Le 27 novembre 2004 a eu lieu à Trèbes la plus aléatoire mais néanmoins trépidante inauguration qu’un restaurant a pu connaître dans toute l’Occitanie depuis que l’homme a inventé les normes…


Depuis ce jour là, El Campo n’a pas cessé d’écrire ses lettres de noblesse sous la houlette d’abord de Martine et de Serge qui ont accepté sous mon insistance de traverser l’avenue des Capucins du côté pair au côté impair.


Lors du repas « d’entrée » de la rue du castela, un éclair dechira le ciel pour laisser place à une belle amitié entre deux mecs aux grands coeurs.

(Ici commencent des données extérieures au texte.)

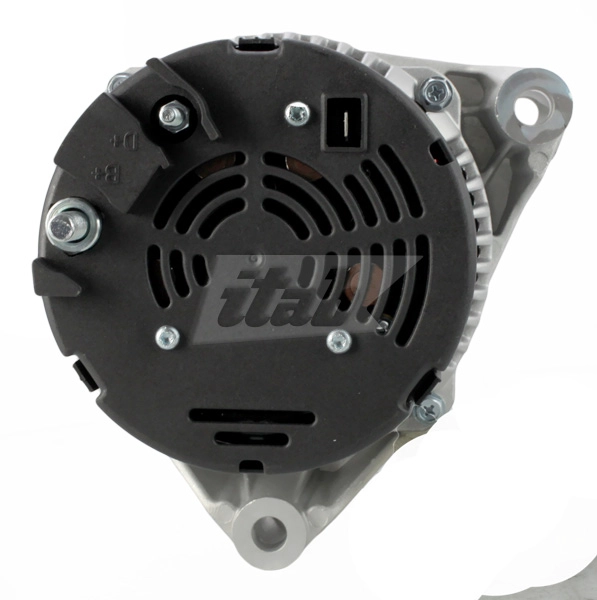 Alternator (20010152AV)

Peu à peu, les objets et les Hommes ont pris leurs places dans l’etablissement, les tonneaux et autres outils de la vigne étaient figés en déco avec, en apparence, les initiales des heureux donateurs, FA par ici, CB et JP par là comme autant de clins d’oeil qui illuminent les lieux encore aujourd’hui.
Mais le plus fort à cet endroit, c’est la table, celle de René en rentrant à droite, a l’emplacement même où se trouvait jadis la Mercedes de l’oncle Cougnenc.

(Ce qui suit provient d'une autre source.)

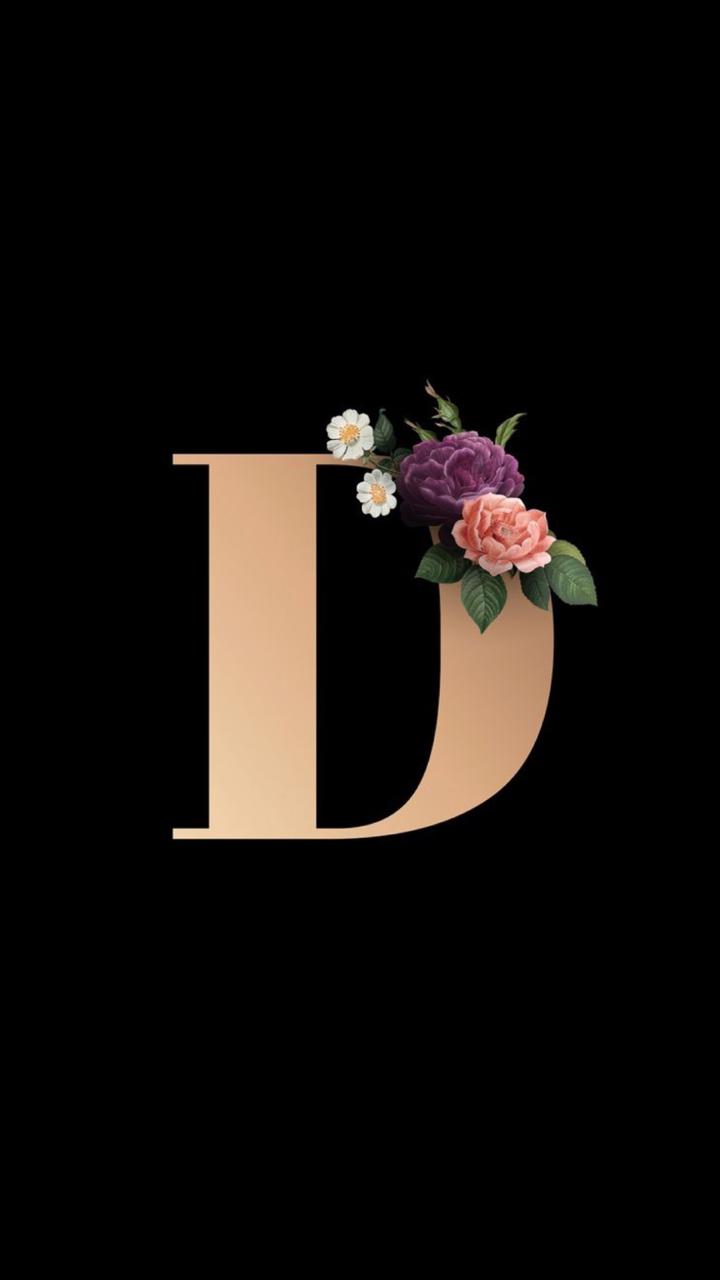 ThEventDiariess profile image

Cette table à tout vu et tout entendu, des fous rires les plus fous aux discussions sérieuses les plus sérieuses.


Autour de cette table, 1000 fois le monde a été refait et parfois même en réalité…
Tres Bes, les expositions, le club taurin, les campagnes politiques de tous bords, l’origine du retour des corridas formelles à Carcassonne en 2010 même si on ne saura jamais « qui a commandé »…


Tant de choses ont démarré ici sous l’oeil malicieux de l’ami Daniel Dumas qui a eu la bonne idée de casser son fusil sur l’épaule pour ne blesser personne et celui inquiet de l’artiste Alain Clinard dont les oeuvres, qui donnent vie aux murs, captent plus de lumière qu’il n’en rentre par les fenêtres.


En transmettant au Poy qui faisait partie des meubles depuis le début de l’aventure, Serge et Martine ont cultivé l’idée selon laquelle El Campo n’est pas qu’un simple restaurant mais un endroit où les gens viennent d’abord pour venir et ensuite pour manger comme Denis qui venait tous les lundis, Guigue tous les vendredis et Jeff à chaque fois qu’on ne l’attendait plus…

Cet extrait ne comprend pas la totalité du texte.